(Phys.org)—How do we know if we're looking at the three-dimensional world or at a kind of trompe l'oeil image painted on the inside of a huge glass sphere? More to the point, how would a robot know?
Blessed with brains and the power of biological computation, humans can compute the most likely explanation for what we see. Our neural networks turn the fizz of photons, hitting a curved screen, into perception.
That's awfully difficult to translate into code, says David Cox, who holds a joint appointment as Assistant Professor of Molecular and Cellular Biology and of Computer Science at Harvard.
"Vision is the process of figuring out what's out there in a 3D world, from a set of 2D images cast onto our retinas," Cox explains. "It's actually really hard, and the only reason it seems easy is that we're seeing the world through the solution to the problem."
After all, evolution over hundreds of millions of years has given us a system that works rather well. When we look out at the world, Cox marvels, "we sort of just transparently see."
"That's one of the challenges for computer vision," he says: "Our intuitions about what's easy and what's difficult are usually wrong, because all of our intuitions are coming by way of this biological system. When you sit down and try to write a computer program that does the same thing, you discover just how hard it is."
Working at the Harvard School of Engineering and Applied Sciences, the Department of Molecular and Cellular Biology, and the Center for Brain Science, Cox aims to create artificial systems that can both see and understand what they're looking at. It's a task that requires an in-depth knowledge of neuroscience, but also a fair amount of blue-sky thinking about what might be possible in the realm of artificial object recognition.
Cox thinks of his research as reverse engineering—or, more whimsically, committing corporate espionage on nature.
"There's only one set of systems in the known universe that can do what we're looking for, and they happen to be biological systems," he says, "so the motivation for the reverse engineering side of the work is to get the competing product, as it were, open up the box, and figure out how it works so that we can turn around and build artificial systems that work the same way."
Of course, reproducing a brain is easier said than done. Cox's research group employs massively parallel, high-performance computers to try to reproduce the level of computation that happens within the brain—for example, to study facial recognition techniques, which he's been pursuing with members of Todd Zickler's group at SEAS.
There's a huge difference between recognizing a face in a mugshot and recognizing a face that's embedded in a complicated and cluttered real-world scene.
"If you move an object around your visual field, it's appearing on different parts of your retina, it may be lit differently, and you're seeing it from different angles," Cox explains. "There's effectively an infinite number of ways the same object can appear.
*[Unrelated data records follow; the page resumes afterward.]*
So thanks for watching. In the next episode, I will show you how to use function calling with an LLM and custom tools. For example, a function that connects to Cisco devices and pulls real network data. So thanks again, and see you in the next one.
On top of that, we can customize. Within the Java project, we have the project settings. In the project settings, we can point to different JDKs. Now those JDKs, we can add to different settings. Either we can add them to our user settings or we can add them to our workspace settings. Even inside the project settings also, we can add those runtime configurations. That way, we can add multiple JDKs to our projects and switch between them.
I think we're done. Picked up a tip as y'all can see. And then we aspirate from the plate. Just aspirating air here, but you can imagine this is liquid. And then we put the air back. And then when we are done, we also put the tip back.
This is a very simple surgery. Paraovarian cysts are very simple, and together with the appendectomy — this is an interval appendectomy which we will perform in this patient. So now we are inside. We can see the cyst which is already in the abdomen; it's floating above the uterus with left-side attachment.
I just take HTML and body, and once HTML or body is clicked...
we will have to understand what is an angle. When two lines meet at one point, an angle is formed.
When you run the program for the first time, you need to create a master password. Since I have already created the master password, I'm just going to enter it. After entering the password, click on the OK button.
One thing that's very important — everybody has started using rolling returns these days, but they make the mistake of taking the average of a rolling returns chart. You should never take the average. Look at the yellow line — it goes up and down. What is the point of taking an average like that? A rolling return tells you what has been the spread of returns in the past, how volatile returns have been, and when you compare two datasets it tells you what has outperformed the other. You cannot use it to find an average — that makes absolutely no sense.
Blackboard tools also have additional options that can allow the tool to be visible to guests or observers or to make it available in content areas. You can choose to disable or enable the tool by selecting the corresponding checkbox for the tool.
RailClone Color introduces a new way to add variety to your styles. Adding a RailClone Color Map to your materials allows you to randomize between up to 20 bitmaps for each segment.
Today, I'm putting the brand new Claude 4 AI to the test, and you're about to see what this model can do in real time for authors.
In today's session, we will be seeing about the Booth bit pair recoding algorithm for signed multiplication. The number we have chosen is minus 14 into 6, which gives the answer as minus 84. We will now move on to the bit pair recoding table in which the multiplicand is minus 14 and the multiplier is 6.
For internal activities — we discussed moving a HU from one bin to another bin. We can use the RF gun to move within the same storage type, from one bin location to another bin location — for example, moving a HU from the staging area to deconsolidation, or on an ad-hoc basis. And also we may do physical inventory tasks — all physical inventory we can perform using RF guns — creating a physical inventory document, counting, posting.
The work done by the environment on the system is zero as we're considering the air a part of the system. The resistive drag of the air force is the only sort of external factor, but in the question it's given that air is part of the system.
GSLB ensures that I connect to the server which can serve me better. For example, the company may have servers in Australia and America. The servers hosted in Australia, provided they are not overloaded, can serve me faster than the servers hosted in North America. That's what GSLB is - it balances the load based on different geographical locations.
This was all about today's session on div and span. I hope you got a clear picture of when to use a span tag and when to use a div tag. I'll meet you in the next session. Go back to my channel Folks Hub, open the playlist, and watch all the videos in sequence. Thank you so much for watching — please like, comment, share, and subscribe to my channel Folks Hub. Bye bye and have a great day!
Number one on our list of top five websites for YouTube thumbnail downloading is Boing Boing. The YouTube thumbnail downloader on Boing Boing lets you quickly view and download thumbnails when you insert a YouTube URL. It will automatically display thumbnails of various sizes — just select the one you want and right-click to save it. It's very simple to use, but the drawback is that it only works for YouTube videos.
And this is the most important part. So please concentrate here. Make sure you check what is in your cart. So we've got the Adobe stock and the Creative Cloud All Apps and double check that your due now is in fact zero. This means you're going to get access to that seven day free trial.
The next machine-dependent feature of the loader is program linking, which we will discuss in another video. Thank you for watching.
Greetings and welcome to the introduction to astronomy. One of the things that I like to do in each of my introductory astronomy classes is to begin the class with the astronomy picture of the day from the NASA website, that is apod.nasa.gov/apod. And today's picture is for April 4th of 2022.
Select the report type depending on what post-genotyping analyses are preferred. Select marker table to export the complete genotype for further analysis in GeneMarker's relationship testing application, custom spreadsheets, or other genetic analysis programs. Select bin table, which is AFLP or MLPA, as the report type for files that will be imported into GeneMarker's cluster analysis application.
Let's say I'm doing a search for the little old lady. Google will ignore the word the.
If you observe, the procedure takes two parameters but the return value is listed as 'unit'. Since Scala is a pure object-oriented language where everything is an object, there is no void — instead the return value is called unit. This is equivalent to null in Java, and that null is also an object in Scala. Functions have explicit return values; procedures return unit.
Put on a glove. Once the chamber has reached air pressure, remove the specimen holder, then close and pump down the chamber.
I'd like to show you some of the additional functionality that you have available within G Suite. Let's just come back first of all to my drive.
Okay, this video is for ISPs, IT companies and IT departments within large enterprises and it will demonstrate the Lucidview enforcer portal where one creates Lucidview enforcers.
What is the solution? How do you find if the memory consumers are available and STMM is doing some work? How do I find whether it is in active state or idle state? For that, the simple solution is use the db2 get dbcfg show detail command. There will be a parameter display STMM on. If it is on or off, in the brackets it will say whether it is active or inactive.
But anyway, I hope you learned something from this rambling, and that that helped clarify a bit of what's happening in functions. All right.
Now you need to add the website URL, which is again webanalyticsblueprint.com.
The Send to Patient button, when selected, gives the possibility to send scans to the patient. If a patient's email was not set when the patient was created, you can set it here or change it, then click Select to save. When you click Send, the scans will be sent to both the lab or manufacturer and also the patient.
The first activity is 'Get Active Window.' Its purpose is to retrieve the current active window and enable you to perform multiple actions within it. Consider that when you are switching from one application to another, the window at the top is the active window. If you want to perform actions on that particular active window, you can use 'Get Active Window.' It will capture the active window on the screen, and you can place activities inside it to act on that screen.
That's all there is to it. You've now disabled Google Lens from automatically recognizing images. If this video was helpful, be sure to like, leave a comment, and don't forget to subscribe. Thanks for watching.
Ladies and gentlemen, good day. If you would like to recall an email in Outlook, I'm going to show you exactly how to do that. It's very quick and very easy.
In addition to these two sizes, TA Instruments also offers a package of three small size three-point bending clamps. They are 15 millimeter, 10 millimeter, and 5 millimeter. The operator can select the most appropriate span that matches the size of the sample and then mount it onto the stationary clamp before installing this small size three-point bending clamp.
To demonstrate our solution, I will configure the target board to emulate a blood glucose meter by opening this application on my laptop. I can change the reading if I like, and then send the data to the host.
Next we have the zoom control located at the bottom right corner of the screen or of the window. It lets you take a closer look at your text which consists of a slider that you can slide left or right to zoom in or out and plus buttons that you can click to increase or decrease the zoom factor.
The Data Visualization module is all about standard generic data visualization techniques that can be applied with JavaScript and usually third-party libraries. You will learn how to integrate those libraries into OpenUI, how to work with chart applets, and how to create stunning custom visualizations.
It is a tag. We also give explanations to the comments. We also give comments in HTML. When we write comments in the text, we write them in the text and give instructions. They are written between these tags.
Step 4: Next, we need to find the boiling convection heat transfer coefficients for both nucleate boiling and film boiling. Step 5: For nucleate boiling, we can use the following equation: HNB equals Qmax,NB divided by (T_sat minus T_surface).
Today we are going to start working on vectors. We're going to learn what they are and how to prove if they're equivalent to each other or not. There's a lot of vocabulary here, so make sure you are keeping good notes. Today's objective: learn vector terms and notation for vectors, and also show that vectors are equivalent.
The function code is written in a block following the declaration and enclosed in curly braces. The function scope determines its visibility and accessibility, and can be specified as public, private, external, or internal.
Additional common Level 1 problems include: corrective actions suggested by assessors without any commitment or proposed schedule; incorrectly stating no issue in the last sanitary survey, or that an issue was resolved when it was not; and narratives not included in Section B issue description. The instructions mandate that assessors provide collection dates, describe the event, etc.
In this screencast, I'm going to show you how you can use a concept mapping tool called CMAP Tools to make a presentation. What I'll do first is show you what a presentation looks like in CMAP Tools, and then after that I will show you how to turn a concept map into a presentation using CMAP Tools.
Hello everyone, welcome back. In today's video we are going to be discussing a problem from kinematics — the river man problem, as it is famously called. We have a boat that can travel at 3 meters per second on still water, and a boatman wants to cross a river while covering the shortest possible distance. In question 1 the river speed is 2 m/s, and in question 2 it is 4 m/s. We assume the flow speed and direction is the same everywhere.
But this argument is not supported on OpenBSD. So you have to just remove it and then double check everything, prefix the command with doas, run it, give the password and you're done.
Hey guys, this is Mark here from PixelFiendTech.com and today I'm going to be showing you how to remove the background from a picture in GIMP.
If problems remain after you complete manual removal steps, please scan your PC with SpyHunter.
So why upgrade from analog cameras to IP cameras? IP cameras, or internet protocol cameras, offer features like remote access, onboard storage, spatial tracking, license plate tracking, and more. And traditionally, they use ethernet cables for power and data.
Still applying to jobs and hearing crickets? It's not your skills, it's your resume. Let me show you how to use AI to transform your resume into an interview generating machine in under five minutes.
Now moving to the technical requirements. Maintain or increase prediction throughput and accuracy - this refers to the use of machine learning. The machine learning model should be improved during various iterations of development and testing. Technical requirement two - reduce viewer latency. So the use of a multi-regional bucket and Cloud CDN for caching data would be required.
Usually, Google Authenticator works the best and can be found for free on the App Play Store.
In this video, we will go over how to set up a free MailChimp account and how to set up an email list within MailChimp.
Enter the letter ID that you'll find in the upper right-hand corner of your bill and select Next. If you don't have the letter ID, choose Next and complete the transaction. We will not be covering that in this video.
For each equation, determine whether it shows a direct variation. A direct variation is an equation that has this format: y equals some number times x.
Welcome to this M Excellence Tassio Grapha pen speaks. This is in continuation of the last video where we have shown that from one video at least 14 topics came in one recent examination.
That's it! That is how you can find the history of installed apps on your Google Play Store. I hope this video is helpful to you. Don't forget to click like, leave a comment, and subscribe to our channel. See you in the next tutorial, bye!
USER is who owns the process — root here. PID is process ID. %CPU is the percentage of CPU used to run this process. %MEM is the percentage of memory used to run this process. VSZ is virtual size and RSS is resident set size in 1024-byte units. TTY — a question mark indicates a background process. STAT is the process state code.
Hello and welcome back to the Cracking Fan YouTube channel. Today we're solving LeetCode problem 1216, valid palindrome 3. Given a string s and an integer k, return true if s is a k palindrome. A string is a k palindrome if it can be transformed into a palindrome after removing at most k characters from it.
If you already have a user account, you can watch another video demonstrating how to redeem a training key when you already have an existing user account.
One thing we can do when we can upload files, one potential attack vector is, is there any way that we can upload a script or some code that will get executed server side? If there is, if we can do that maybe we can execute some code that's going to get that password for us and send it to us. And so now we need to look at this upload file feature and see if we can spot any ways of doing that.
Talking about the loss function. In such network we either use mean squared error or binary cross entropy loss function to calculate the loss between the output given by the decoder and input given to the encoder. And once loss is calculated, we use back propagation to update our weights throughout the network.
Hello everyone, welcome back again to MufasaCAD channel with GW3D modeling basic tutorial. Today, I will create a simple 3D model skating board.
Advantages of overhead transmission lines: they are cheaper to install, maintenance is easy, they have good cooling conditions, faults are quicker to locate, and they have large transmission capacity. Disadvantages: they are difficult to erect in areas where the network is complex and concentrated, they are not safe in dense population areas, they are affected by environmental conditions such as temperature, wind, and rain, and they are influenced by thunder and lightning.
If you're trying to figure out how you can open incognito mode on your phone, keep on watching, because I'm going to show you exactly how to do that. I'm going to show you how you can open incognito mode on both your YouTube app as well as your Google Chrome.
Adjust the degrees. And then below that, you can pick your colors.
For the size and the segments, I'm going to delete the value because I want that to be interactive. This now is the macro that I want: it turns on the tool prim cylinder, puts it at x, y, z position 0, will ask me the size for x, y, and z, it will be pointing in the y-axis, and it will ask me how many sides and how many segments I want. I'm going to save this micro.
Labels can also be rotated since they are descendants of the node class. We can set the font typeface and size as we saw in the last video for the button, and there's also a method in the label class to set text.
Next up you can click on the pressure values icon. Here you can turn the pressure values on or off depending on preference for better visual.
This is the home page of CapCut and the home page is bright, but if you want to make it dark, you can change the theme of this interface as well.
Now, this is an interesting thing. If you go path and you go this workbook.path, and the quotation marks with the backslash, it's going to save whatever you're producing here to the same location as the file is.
At the same time, there are infinitely many valid interpretations for any one image that falls onto your retina."
Many of the potential payoffs for designing such an intelligent system are so bizarre that they seem only to belong in the realm of science fiction. Your laptop could notice whether you look tired, happy, or sad, and interact with you appropriately. Your self-driving car could spot you on the sidewalk and offer you a ride.
"If we had computer vision systems that worked as well as our own visual systems do, there's a much richer set of interactions we could have with machines," Cox says.
It's not just about the applications for Cox, though; the basic science of the retina and neurons is wondrously complex and mysterious, and it's on the bridge between biology and computer science that he finds himself at home.
"I'm a 'have your cake and eat it too' kind of person," Cox says. "I think there's great potential to advance our knowledge of how the brain works, but one of the things that's most exciting for me is this idea that if we really understand that, we should be able to build machines that work the same way.
"With that, there's a huge range of really world-changing applications that we could bring to bear."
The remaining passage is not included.